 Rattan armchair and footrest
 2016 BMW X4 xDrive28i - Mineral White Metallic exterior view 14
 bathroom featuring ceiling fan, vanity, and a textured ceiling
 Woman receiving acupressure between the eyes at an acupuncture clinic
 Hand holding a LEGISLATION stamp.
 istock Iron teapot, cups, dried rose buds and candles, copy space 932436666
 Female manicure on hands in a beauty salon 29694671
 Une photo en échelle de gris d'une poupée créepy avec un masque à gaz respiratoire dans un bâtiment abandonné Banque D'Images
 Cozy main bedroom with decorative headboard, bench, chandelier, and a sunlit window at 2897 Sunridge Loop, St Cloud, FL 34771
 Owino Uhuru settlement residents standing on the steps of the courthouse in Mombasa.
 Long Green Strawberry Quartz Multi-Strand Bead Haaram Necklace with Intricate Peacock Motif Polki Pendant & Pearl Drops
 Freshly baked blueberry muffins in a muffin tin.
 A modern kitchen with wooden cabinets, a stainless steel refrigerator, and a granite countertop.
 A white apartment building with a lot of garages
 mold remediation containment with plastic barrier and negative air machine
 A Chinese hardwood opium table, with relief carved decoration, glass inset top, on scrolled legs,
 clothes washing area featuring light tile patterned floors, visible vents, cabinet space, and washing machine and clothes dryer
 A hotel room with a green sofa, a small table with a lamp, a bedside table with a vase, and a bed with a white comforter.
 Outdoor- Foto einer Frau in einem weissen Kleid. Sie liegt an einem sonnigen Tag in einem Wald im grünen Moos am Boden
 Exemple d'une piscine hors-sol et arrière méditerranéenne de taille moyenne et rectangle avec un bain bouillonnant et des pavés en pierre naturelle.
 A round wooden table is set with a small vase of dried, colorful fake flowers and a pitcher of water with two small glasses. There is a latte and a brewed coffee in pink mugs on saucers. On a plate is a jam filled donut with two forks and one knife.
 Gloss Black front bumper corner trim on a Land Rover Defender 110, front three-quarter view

----

■ **WHAT IS BEING ASKED**
Copy each line in the listing where "dried" appears.

■ **OUTPUT FOR THIS EXERCISE**
 istock Iron teapot, cups, dried rose buds and candles, copy space 932436666
 A round wooden table is set with a small vase of dried, colorful fake flowers and a pitcher of water with two small glasses. There is a latte and a brewed coffee in pink mugs on saucers. On a plate is a jam filled donut with two forks and one knife.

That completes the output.